The Czech capital, Prague is one of the most attractive cities in Europe in terms of tourism. The magnificent Old Town, the royal castle towering on the hill with the cathedral of St. Vitus and the Charles Bridge connecting them over the Vltava waters are pictures that attract hundreds of thousands of tourists every year.
At the beginning of the 9th century, in the place of today's Hradčany, Przemyślida founded the capital of their country. The growing stronghold leaned on the Vltava, but soon crossed it. After establishing the New Town and connecting both banks with a bridge, Prague was the largest city north of the Alps in the 14th century. The city's duality visible in its buildings has survived to this day. Monumental, standing on the hill Hrad is a royal and episcopal city, with the Palace extended until the Habsburg times and the soaring towers of the Cathedral of St. Wit. Deep inside the courtyards, slightly hidden from view, there are other wonderful monuments of this area, the Romanesque basilica of St. George or the picturesque Golden Street, where alchemists lived in the past, and later Franz Kafka.

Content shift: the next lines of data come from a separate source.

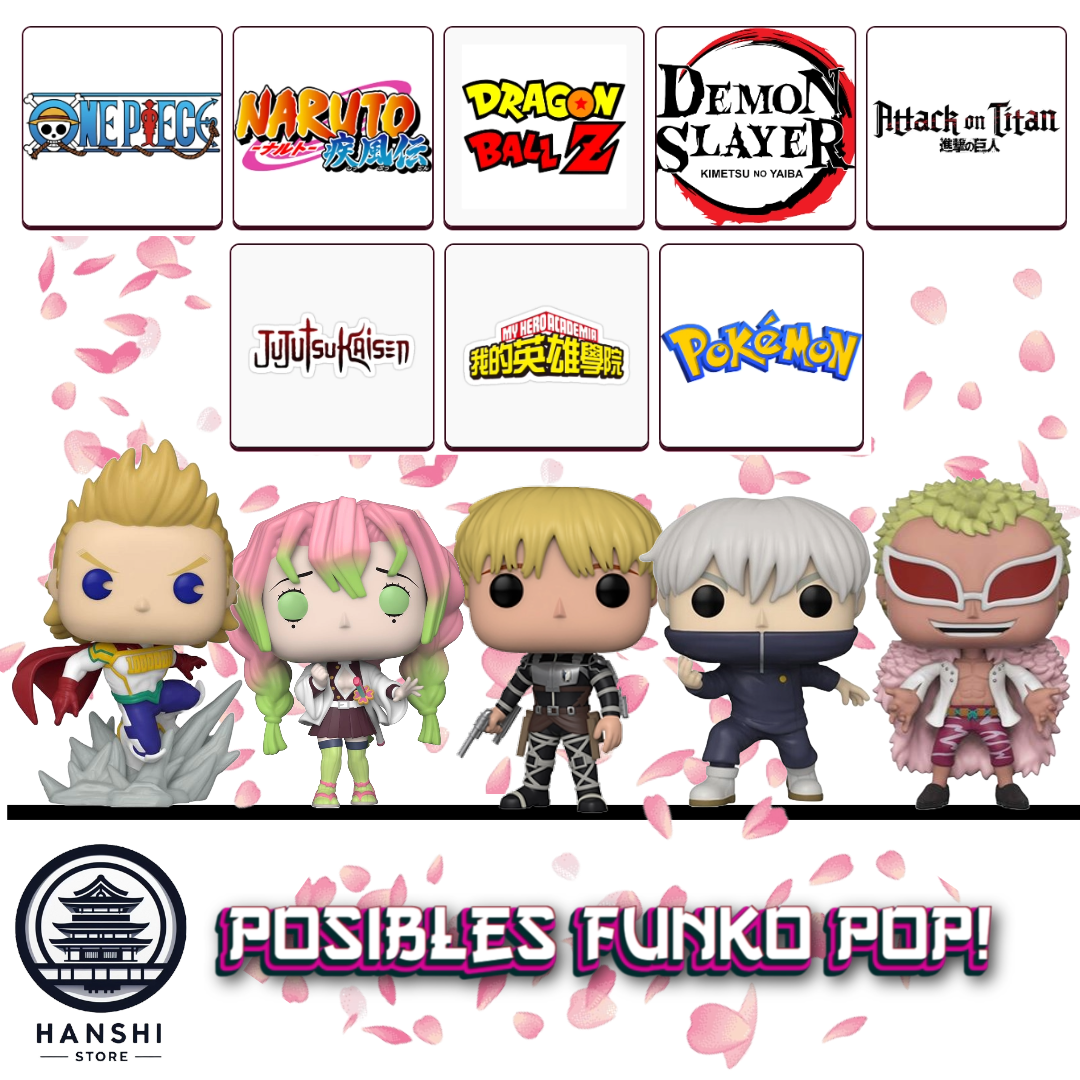 FUNKO POP! STARTER PACK ANIME - SAKURA BOX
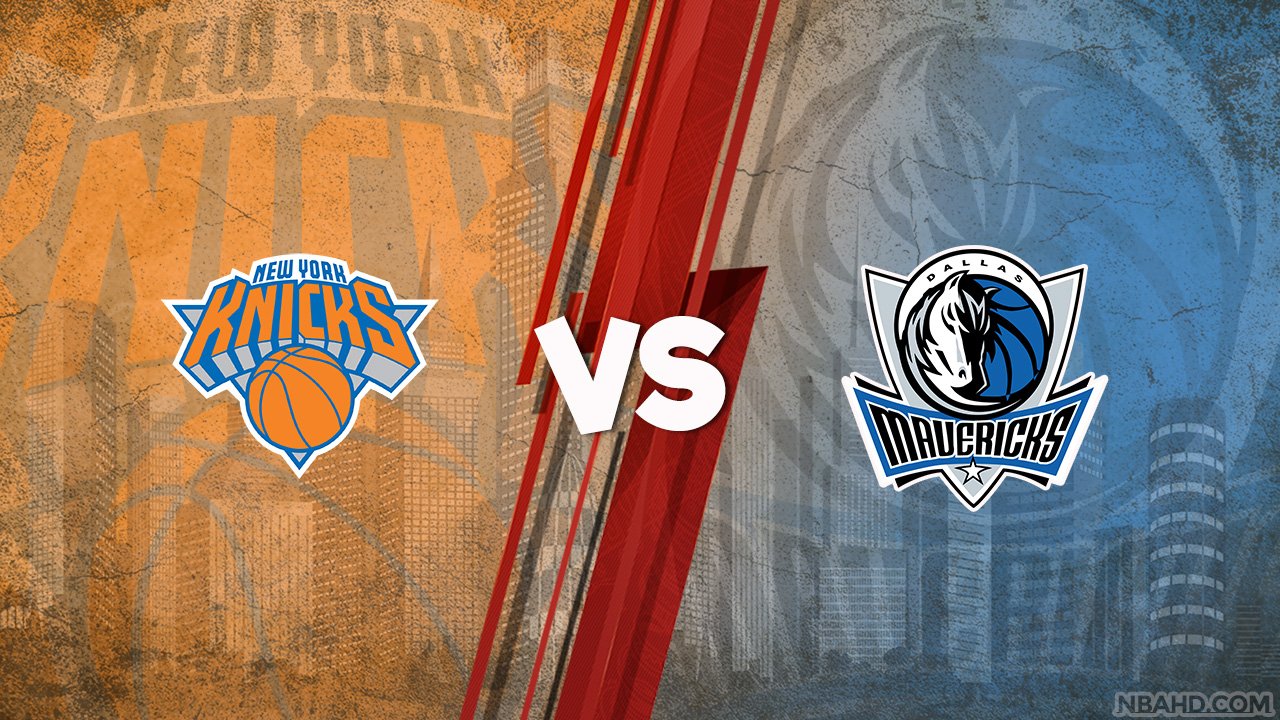 Knicks vs Mavericks - Apr 16, 2021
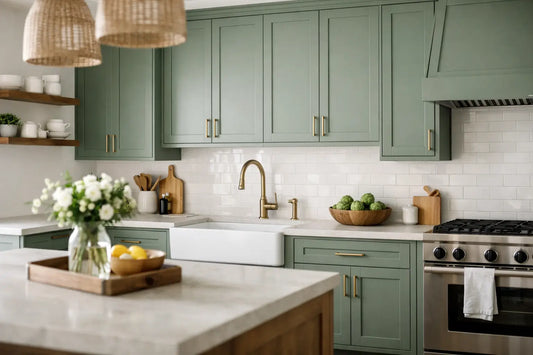 Sage Green Kitchen Cabinets That Work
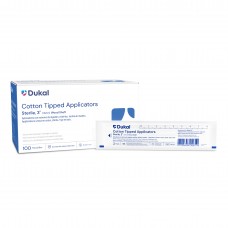 Dukal 9013 Cotton Tip Applicator Sterile 3" Pk2 Box100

The foot of Hrad, whose slopes are overgrown with beautiful gardens, Mała Strana and the Old Town located on the other side of the Charles Bridge are already a bourgeois town. Narrow streets, tenement houses with Renaissance, Baroque and Classicist facades, Gothic and Baroque churches and, above all, a huge market square with the town hall, on the wall of which the astronomical Orloj clock was placed, are places filled with tourists at any time of the year. From here, only a few steps to the wide pedestrian street Vaclavske Namestie with fashionable shops and restaurants, which is finished with a monumental building of the National Museum.
If you want to get to know a little different Prague, you should go to Josefov, a former Jewish district that was one of the few in Europe that survived World War II almost without damage.